Darel D. Viles v. William L. Ball, Iii, Secretary of the Navy

872 F.2d 491, 277 U.S. App. D.C. 56, 1989 U.S. App. LEXIS 5111, 1989 WL 36040
CourtCourt of Appeals for the D.C. Circuit
DecidedApril 18, 1989
Docket88-5149
StatusPublished
Cited by12 cases

This text of 872 F.2d 491 (Darel D. Viles v. William L. Ball, Iii, Secretary of the Navy) is published on Counsel Stack Legal Research, covering Court of Appeals for the D.C. Circuit primary law. Counsel Stack provides free access to over 12 million legal documents including statutes, case law, regulations, and constitutions.

Bluebook
Darel D. Viles v. William L. Ball, Iii, Secretary of the Navy, 872 F.2d 491, 277 U.S. App. D.C. 56, 1989 U.S. App. LEXIS 5111, 1989 WL 36040 (D.C. Cir. 1989).

Opinion

Opinion for the Court filed by Circuit Judge STEPHEN F. WILLIAMS.
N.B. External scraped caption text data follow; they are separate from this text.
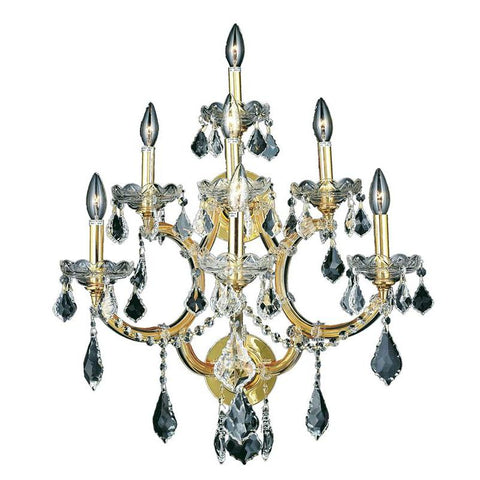 Elegant Lighting Maria Theresa 7 light Gold Wall Sconce Clear Elegant Cut Crystal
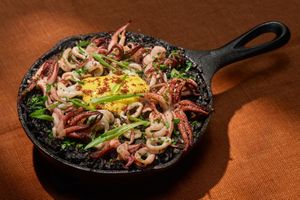 Arroz negro from A.O.C. in Los Angeles.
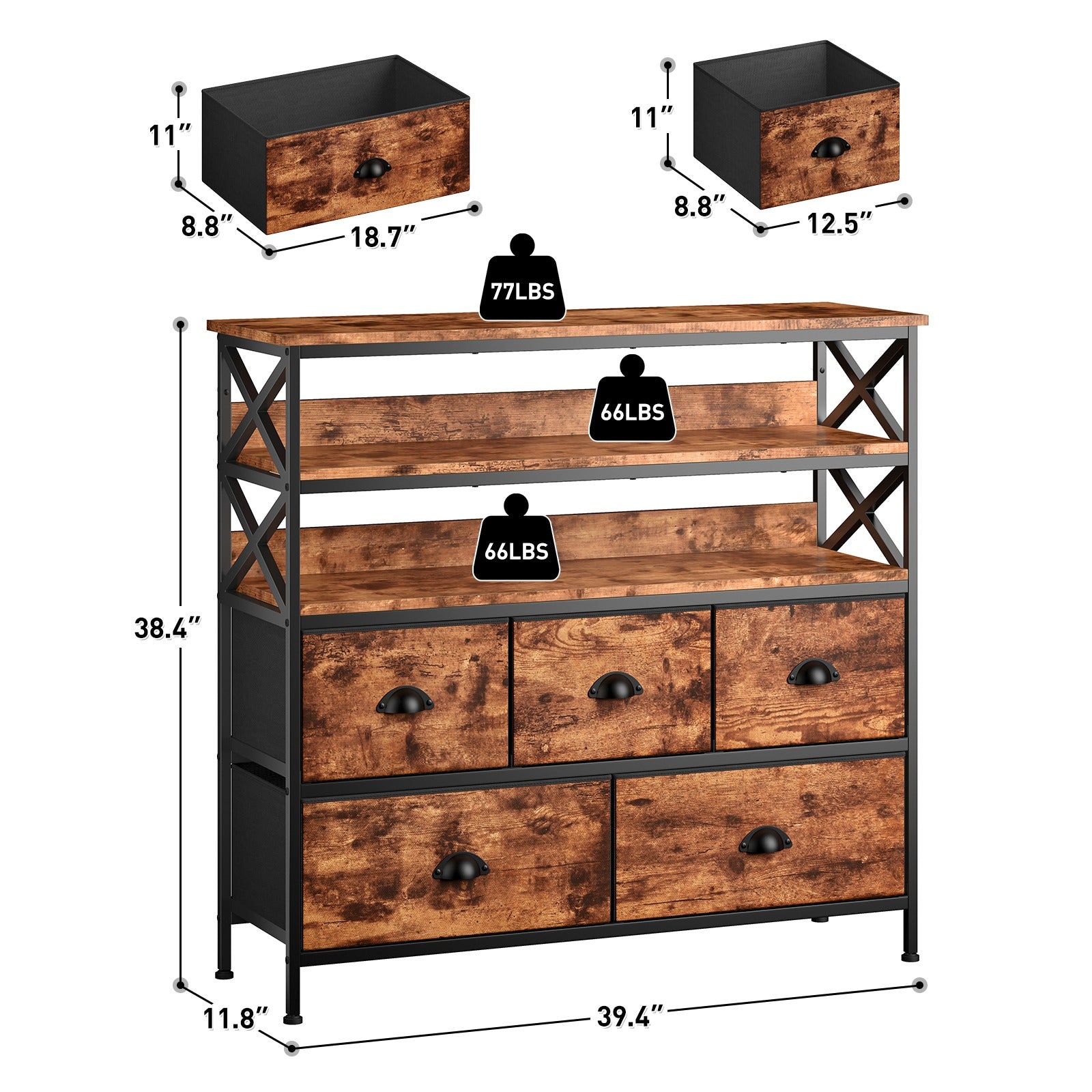 EnHomee Dresser TV Stand Dimension and Capacity
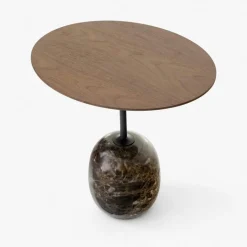 &Tradition Sidobord & Avlastningsbord|Soffbord-Lato LN9 Oval Bord, Djupgrön / Verde Alpi Marble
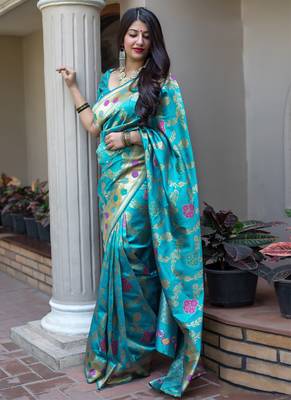 Sky blue woven banarasi art silk blend saree with blouse 1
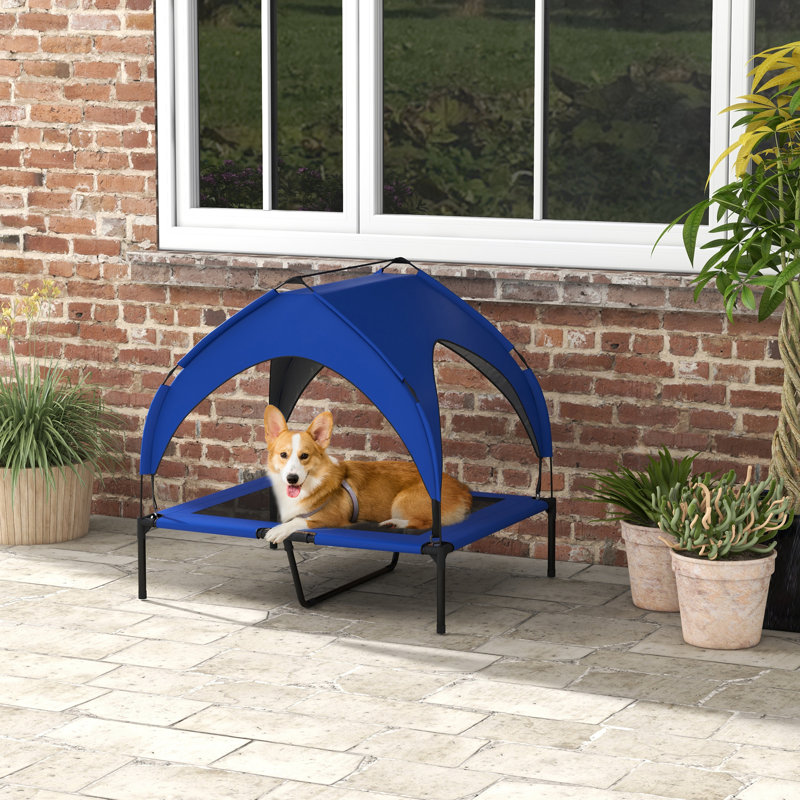 Cooling Raised Dog Bed with Breathable Mesh for Dogs, Blue, 91" W x 76" D x 89" H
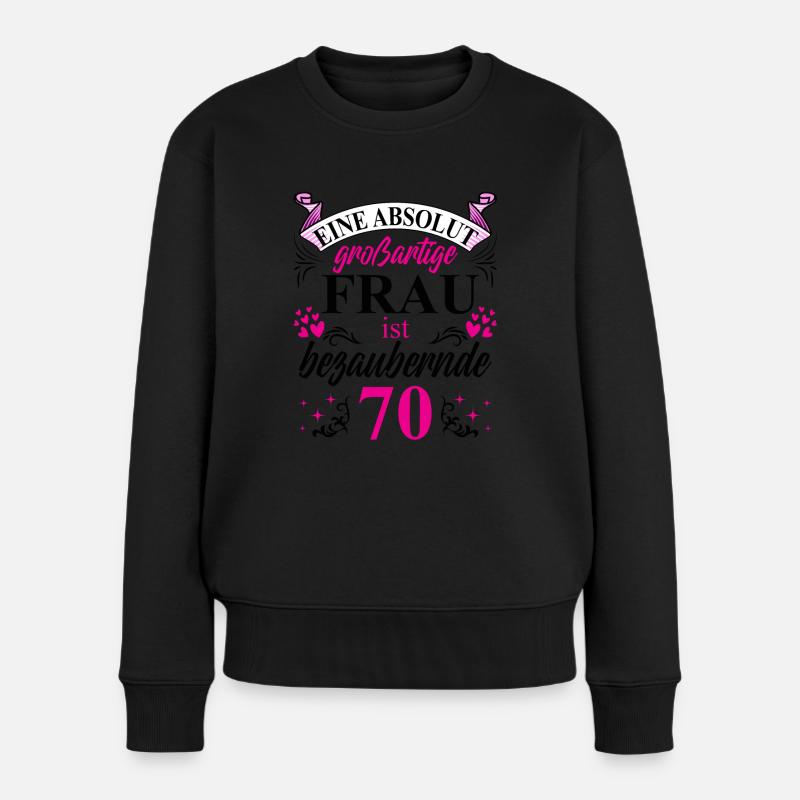 70. Geburtstag 70 Jubiläum 70 Ehrentag 70 Jahre - Frauen Premium Bio Pullover - Schwarz
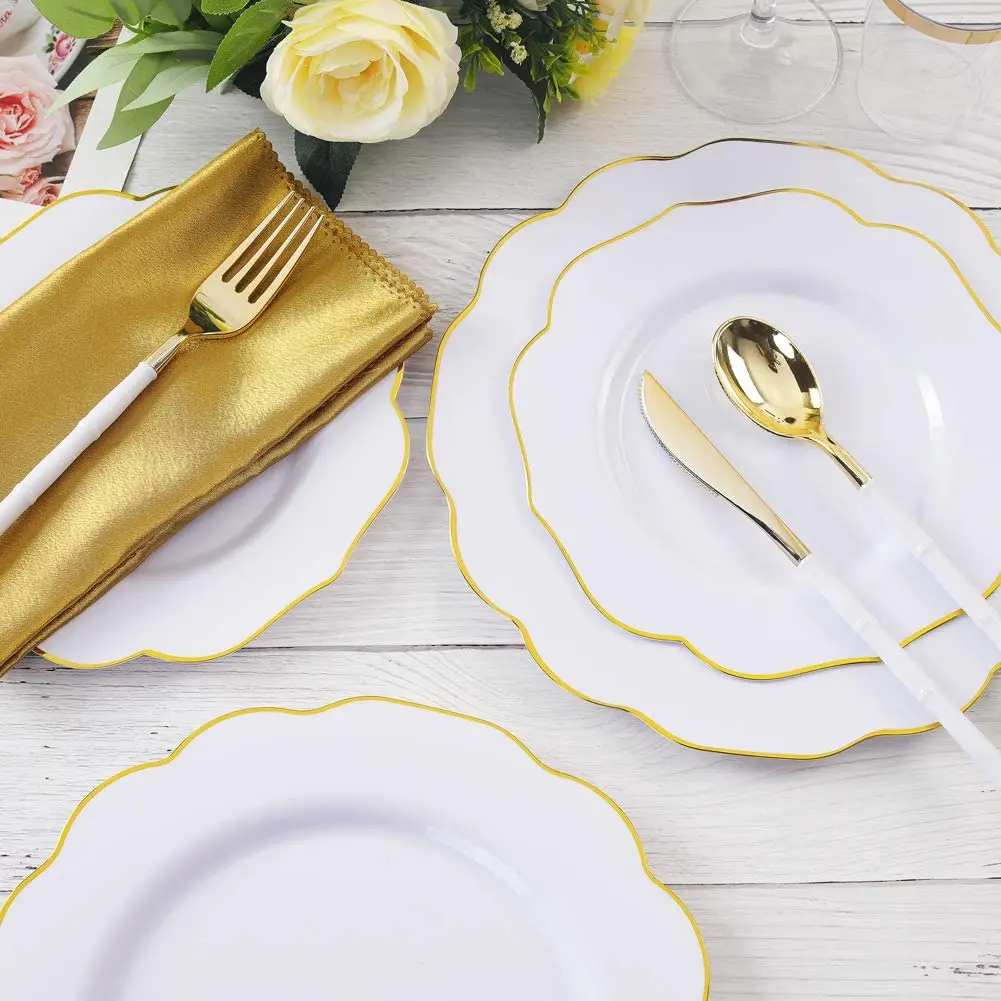 Выигрышная Экологически чистая пластиковая тарелка для свадебной вечеринки, 100% биоразлагаемые одноразовые пластиковые обеденные тарелки для еды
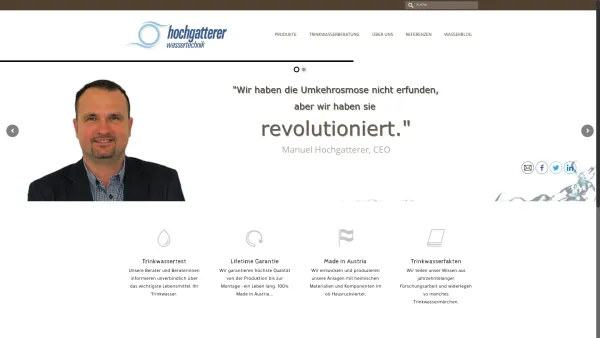 Website Screenshot: Hochgatterer Handels GmbH - Trinkwassertest, Wasserentkalkung und Osmoseanlage - Date: 2023-06-22 15:15:56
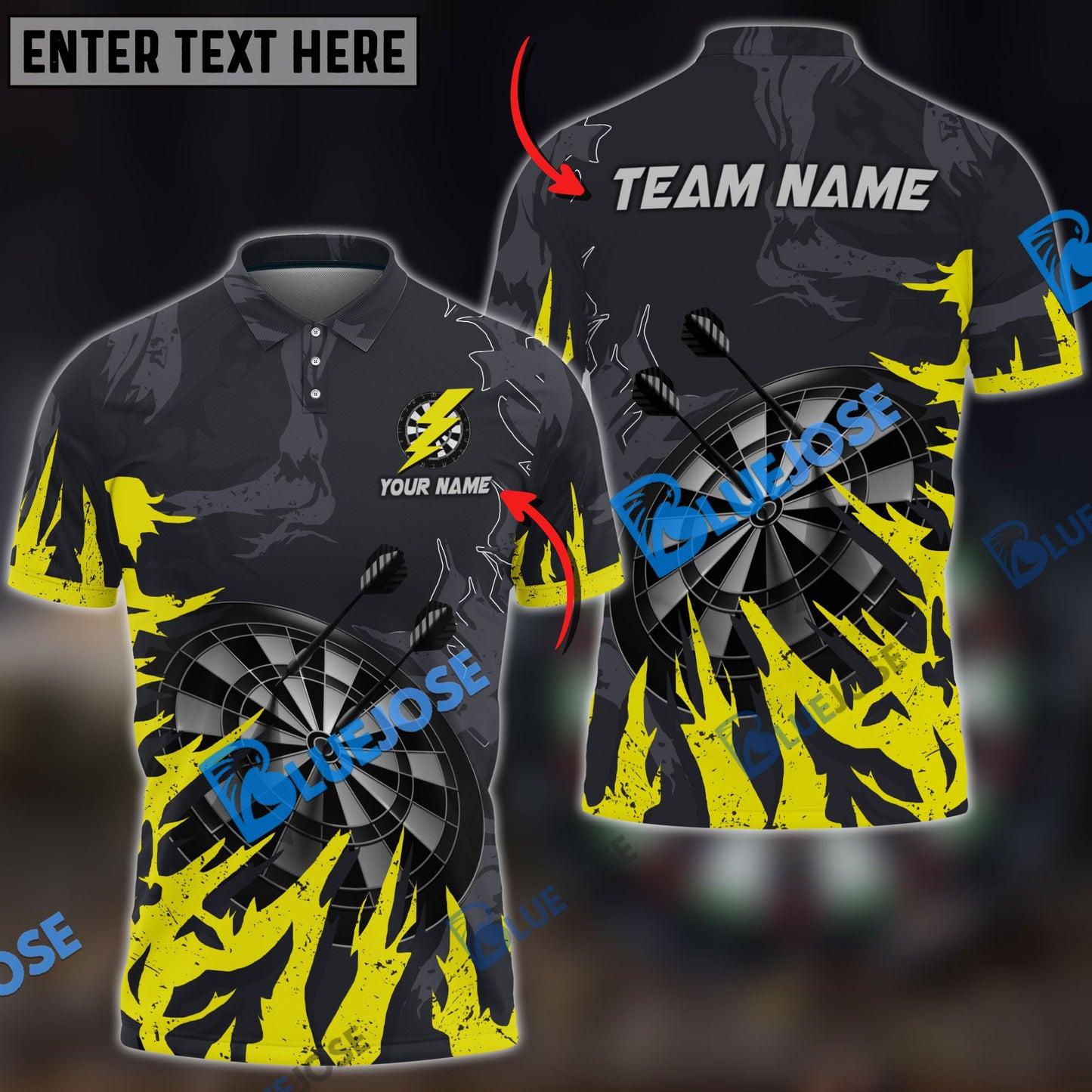 frenzidea Darts Board Lightning Graffiti Personalized Name, Team Name 3D Shirt (6 Colors)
STEPHEN F. WILLIAMS, Circuit Judge:

Former Naval Commander Darel D. Viles appeals from a decision of the Board for Correction of Naval Records refusing his requests to delete certain Officer Fitness Reports from his records, to order an appropriate board to reconsider his possible promotion to captain on such a corrected record, and to have any resulting promotion made retroactive. His primary claim is that the Board panel that passed on his case — two regular Board members and a Board staff member sitting as an alternate — was illegally constituted. The claim contains two elements: first, that the “precept” issued by the Secretary of the Navy authorizing the use of alternates violated 10 U.S.C. § 1552(a) (1982), which requires that such boards be composed of civilians; and second, that the appointment of an alternate did not conform to the precept. As a procedural matter, the latter claim takes the form of an argument that the district court abused its discretion by affirming the Board without providing him time for further discovery on the issue. We reject both claims and affirm.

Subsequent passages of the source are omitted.